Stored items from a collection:
━━━━━━━━
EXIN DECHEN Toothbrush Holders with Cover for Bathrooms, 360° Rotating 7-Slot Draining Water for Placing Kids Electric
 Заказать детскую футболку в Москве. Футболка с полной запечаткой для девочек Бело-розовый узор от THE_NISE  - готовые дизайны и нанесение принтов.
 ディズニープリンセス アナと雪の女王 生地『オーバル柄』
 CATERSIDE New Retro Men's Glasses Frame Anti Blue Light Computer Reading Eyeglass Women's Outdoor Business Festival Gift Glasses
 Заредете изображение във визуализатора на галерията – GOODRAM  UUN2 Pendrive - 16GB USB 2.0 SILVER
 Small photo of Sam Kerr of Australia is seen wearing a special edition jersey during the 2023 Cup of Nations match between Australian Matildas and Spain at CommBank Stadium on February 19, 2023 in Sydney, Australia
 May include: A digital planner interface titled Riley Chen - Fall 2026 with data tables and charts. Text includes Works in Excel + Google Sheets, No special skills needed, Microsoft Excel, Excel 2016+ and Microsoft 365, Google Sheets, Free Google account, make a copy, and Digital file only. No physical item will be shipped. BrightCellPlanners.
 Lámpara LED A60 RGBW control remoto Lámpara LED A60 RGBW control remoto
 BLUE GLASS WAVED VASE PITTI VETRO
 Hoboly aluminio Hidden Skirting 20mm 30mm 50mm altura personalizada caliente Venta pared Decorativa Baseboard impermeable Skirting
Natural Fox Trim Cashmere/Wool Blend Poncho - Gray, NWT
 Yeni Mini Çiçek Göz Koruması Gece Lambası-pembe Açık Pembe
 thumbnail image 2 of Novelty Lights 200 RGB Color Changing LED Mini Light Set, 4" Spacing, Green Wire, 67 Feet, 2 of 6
━━━━━━━━
What this task involves =
Go through the records and show every line with the string "special" in it.

Result for this task =
 Small photo of Sam Kerr of Australia is seen wearing a special edition jersey during the 2023 Cup of Nations match between Australian Matildas and Spain at CommBank Stadium on February 19, 2023 in Sydney, Australia
 May include: A digital planner interface titled Riley Chen - Fall 2026 with data tables and charts. Text includes Works in Excel + Google Sheets, No special skills needed, Microsoft Excel, Excel 2016+ and Microsoft 365, Google Sheets, Free Google account, make a copy, and Digital file only. No physical item will be shipped. BrightCellPlanners.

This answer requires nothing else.